The Compressocrat Cipher

The Compressocrat cipher was described by SHMOO (Larry Loen) in the May-June 1983 of the Cryptogram magazine. An interesting feature of this cipher is that the ciphertext is usually shorter than the plaintext.

To encode a plaintext as a compressocrat cipher you first translate the plaintext into a string made of copies of the digits 1,2 and 3. Then you translate the digit string into ciphertext letters using a table based on a secret key word or phrase.

Here is the table for translating a plaintext into a digit string. Note that different letters can translate into digits strings of different lengths. For example E translates to the two digit string '31' but Z translates into the six digit string '321113'.
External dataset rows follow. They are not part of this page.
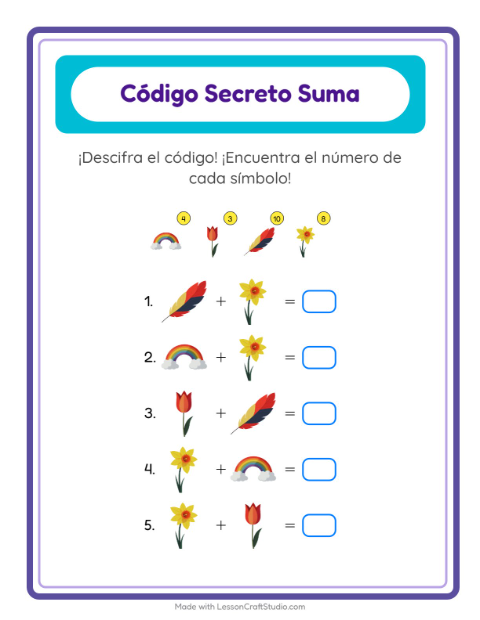 Vista previa de la hoja de Suma Codificada con Pascua para jardín infantil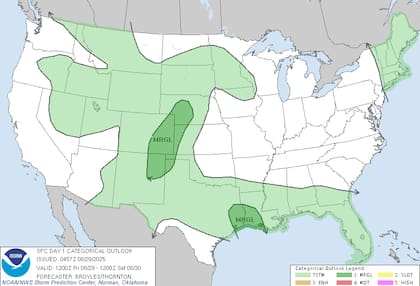 El Centro de Predicción de Tormentas comunicó una amenaza marginal de tormentas severas en Llanuras Altas centrales/meridionales y valle del río Sabine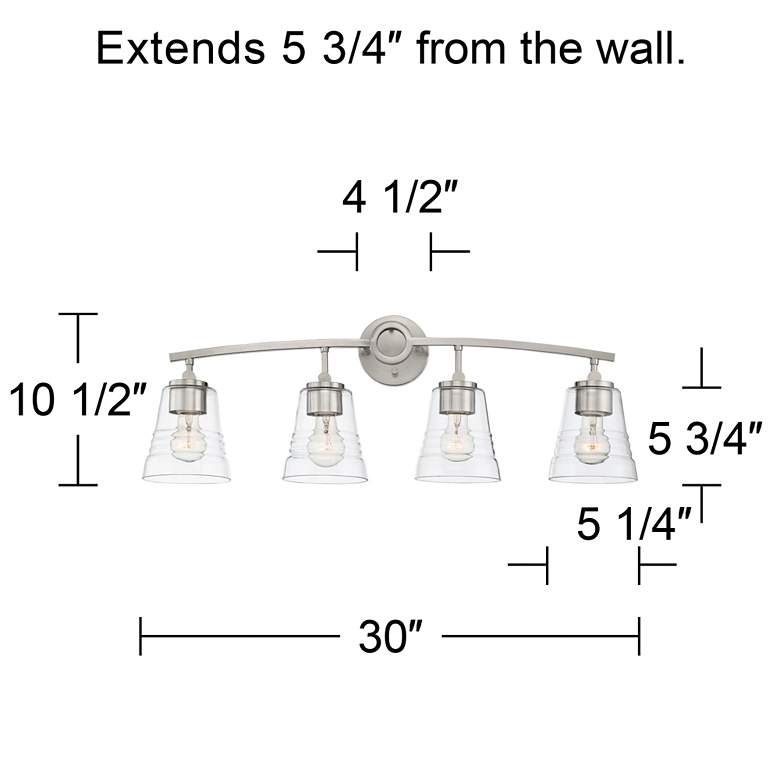 Possini Euro Daniel 30" Wide Satin Nickel 4-Light Bath Bar Light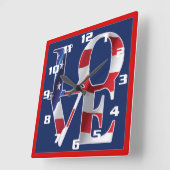 愛国愛アメリカ国旗 スクエア壁時計 (傾斜)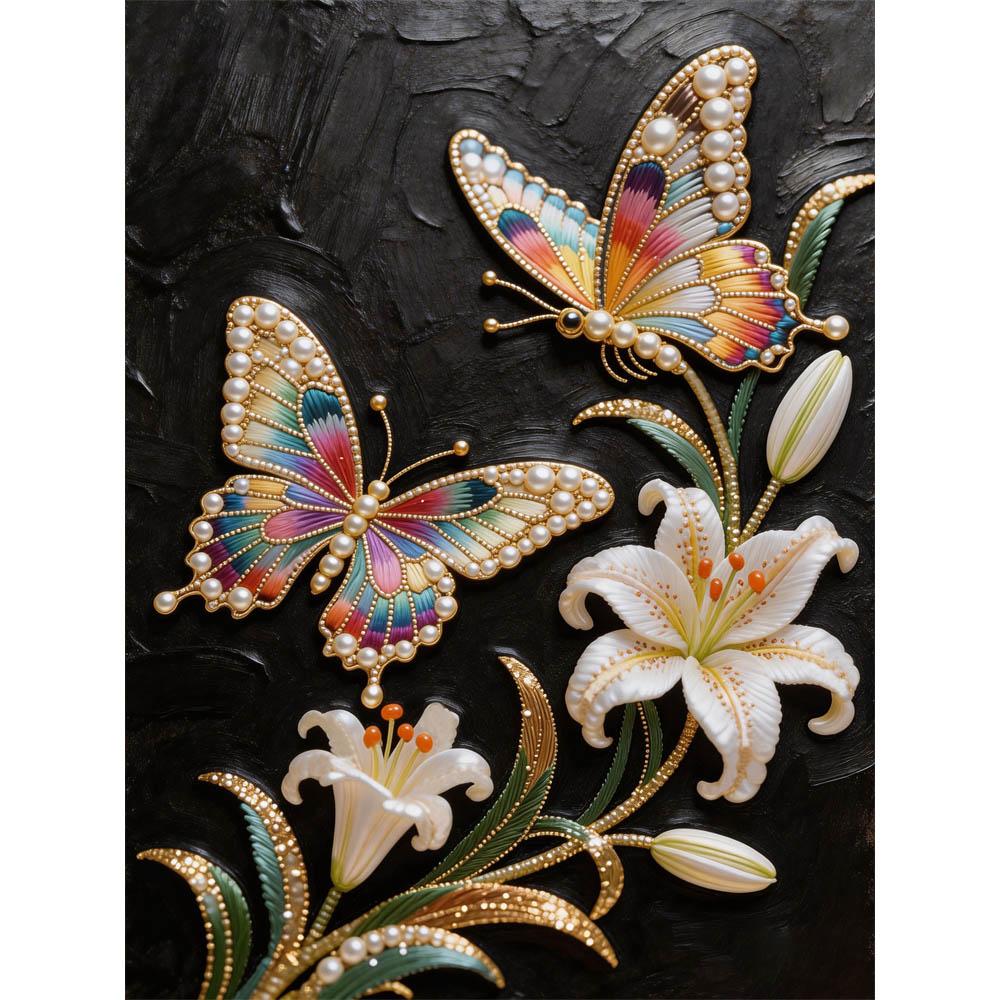 

Pearl DIY Butterfly and Flower Art Kits 15.7x19.6inch Gem Art Pearl Painting Kits Without Frame for Adults Gift Idea Home Wall Decor 30x40cm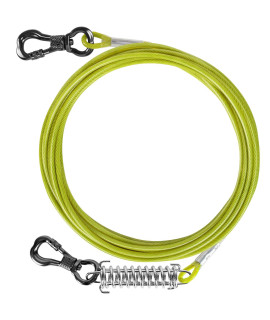 Tresbro Heavy Dutytie Out Cable For Dogs, 30 Foot Long Dog Chains For Outside, Reflective Dog Leads For Yard With Spring And Swivel Hook, Outdoor Dog Runner Tether For Dogs Up To 500 Pounds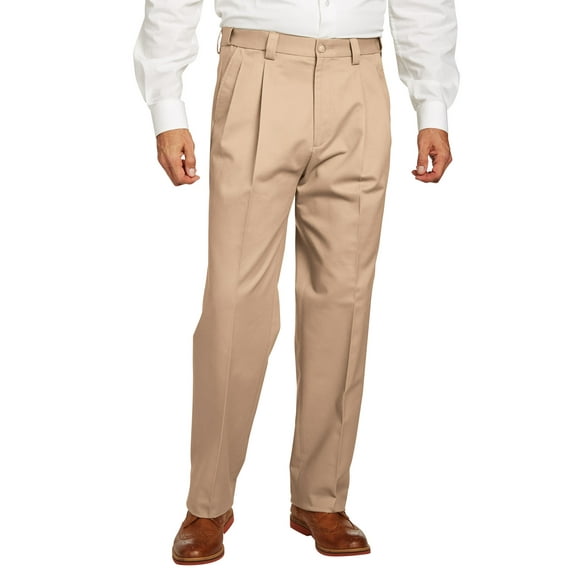 KingSize Men's Big & Tall Classic Fit Wrinkle-Free Expandable Waist Pleat Front Pants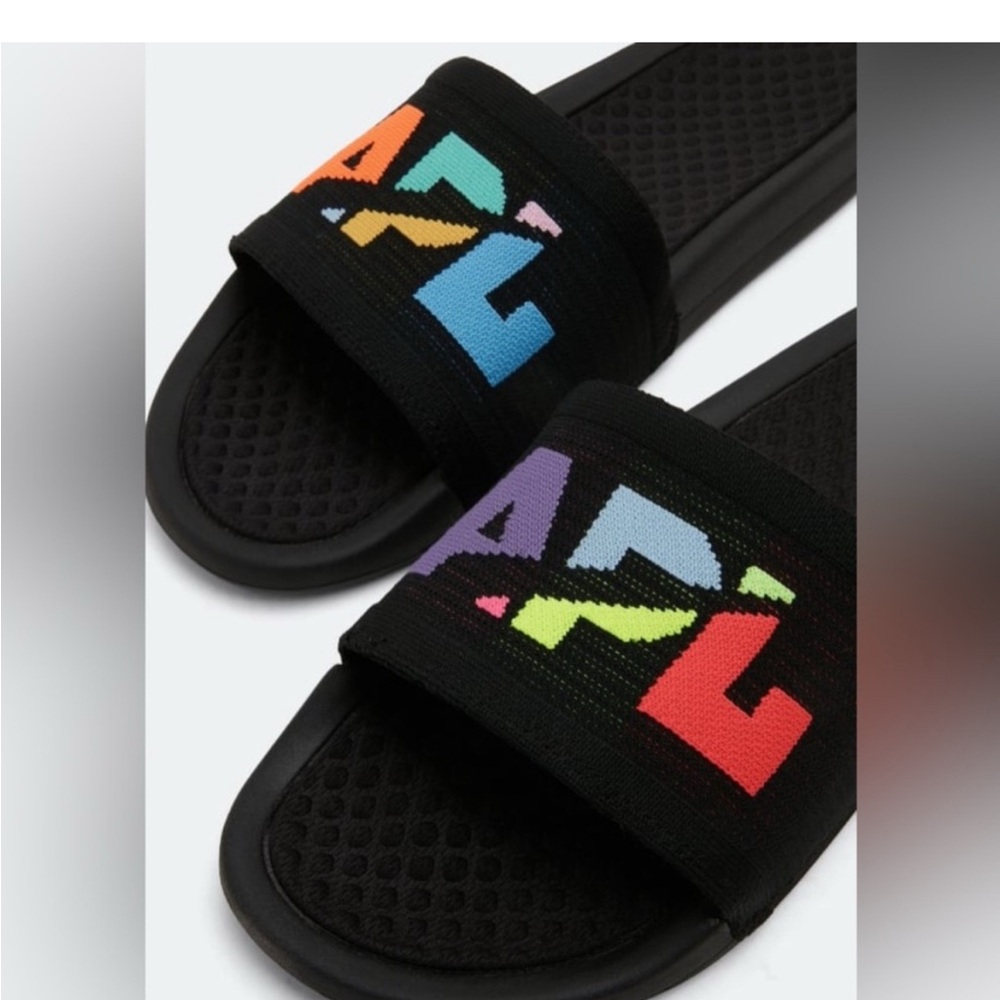 APL Techloom Slides- Limited Edition Black Multicolor Large Logo | SZ 10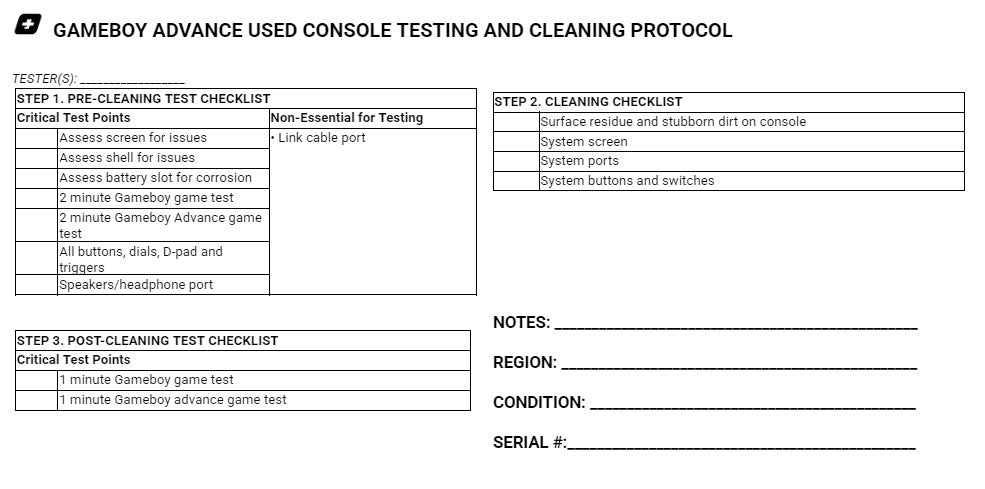 Glacier GameBoy Advance System - Certified Tested & Cleaned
Table for plaintext to digits:

E 31 I 322 P 3212 B 32112

T 12 R 323 F 3213 G 32113

A 13 S 112 C 1112 V 11111

0 22 H 113 U 1113 K 11112

N 23 L 212 M 2111 Q 11113

D 213 W 2112 X 321111

Y 2113 J 321112

Z 321113

As an example, suppose the plaintext is "We strike at dawn". Translating into a digit string we get:

w e s t r i k e a t d a w n

2112 31 112 12 323 322 11112 31 13 12 213 13 2112 23

To translate the digit string into ciphertext, we choose a key, say CODE, and form a key alphabet by removing from the key duplicated letters except for the first occurrence, and appending in alphabetical order all letters than do not occur in the key. Writing this key alphabet above the list of possible arrangements of the digits 1,2,3 we get:

Table for encoding:

CODEABFGHIJKLMNPQRSTUVWXYZ-

111111111222222222333333333

111222333111222333111222333

123123123123123123123123123

To continue our example we divide our digit string into groups of three and use the above encoding table to translate the digit string into letters. If the digit string does not divide exactly into three letter groups we append either '1' of '11' to complete the final three letter group.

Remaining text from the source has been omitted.